Remember, the system which is lower in the series will lose electron, and the one higher in the series will gain electron e.g

A system containing Co2+aq/ Cos and Ni2+aq/ Nis. Eo of Ni = - 0.26 and Co = - 0.28

Co      Co²⁺  +  2e^-               (oxidation)

Ni²⁺   +   2e^-       Ni               (reduction)

Co  + Ni²⁺           Co²⁺  +   Ni

E^o_Total    =  E^o_reduction  -   E^o_oxidation

                = - 0.26  -  (-0.28)

                = 0.02V

EXAMPLE

Consider the reaction,

2Ag⁺ + Cd →   2Ag + Cd²⁺

The standard electrode potentials for Ag⁺ --> Ag and Cd²⁺ --> Cd couples are 0.80 volt and -0.40 volt, respectively.

(i) What is the standard potential E^o for this reaction?

(ii) For the electrochemical cell in which this reaction takes place which electrode is negative electrode?

Solution:             

(i) The half reactions are:

2Ag⁺  + 2e^- →   2Ag.

 Reduction

Cathode)

E^o_Ag⁺/Ag =0.80  volt          (Reduction potential)

Cd → Cd²⁺  + 2e^-,

Oxidation

(Anode)

E^o_Cd⁺/Cd = -0.40 volt               (Reduction potential)

or     E^o_Cd⁺/Cd² = +0.40 volt

E^o = E^o_Cd⁺/Cd² + E^o_Ag⁺/Ag = 0.40+0.80 = 1.20  volt

(ii) The negative electrode is always the electrode whose reduction potential has smaller value or the electrode where oxidation occurs. Thus, Cd electrode is the negative electrode.
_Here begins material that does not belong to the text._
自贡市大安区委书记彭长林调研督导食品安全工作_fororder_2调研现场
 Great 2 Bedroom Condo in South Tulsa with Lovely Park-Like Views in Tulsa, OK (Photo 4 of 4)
Purpose of the Salt Bridge

Finally, we must understand the purpose and use of salt bridge. During reaction we have seen that Zinc ions are produced by losing electrons and this Zinc ions comes out in the solution, due to this the net positive charge of the zinc rod beaker increases.

On the same time, the overall negative charge on copper side beaker increases because Cu atom gets deposited on copper rod.

The salt bridge helps to prevent the net accumulation of positive and negative charges on both the sides. Doing so the negative ions from the salt bridge enter Zinc beaker side to reduce the net positive charge. The positive ions from the salt bridge enters copper side beaker to decrease net negative charge there.

If this was not done then due to accumulation of net positive and negative charges on both the sides the redox reaction will come to an end.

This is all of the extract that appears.